What does the right process mean to me? It means a process that is not unduly influenced by Antero’s PE Sponsors or management, who collectively own approximately 27% of AR’s common stock (per Antero’s 1/18/18 Analyst Day presentation). While this stake is significant (i.e. – worth about $2 billion), it should not be viewed as a sufficient check and balance against potential conflicts, in my opinion. The reason for this is that the economic interests of Antero’s PE Sponsors and management are different than those of AR’s public shareholders, given (i) such insiders’ much higher (i.e. – 68%) percentage ownership stake in AMGP (worth over $2 billion) and AMGP’s ownership of the IDRs associated with AM and (ii) the fact that AR’s “corporate returns” on its wells are not a particularly important driver of the quarterly distributions at AMGP. Given this structure, I recognize that value could be shifted from AR to AM, and then onto AMGP. It is the differing percentage ownership stakes of AR’s PE Sponsors and management in AMGP vs. AR that creates the potential for conflicts of interest.
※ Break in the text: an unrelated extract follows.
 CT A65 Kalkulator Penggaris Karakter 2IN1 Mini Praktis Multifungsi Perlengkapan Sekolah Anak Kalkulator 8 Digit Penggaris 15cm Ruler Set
I encourage the independent directors of the Company to (i) form a committee (the “Independent Director Committee”) and (ii) engage independent investment bankers to advise it on the right structure and right pricing for a simplification of the “Antero family” of entities. To further ensure process fairness, two other safeguards feel necessary. The first is - any transaction that involves AR should be subject to the majority vote of AR’s public shareholders (i.e. – excluding AR’s PE Sponsors and management) and any transaction that involves AM should be the subject of a majority vote of AM’s public unitholders (i.e. – excluding AR). The second is - I would encourage the Independent Director Committee to reach out to several of AR’s largest unaffiliated shareholders (and AM’s largest unaffiliated unitholders) to solicit their views as to (i) an optimal two-entity structure and the (ii) the possible fair value pricing that they believe may be appropriate for achieving such structure. I would view such actions as good examples of “best-in-class” corporate governance.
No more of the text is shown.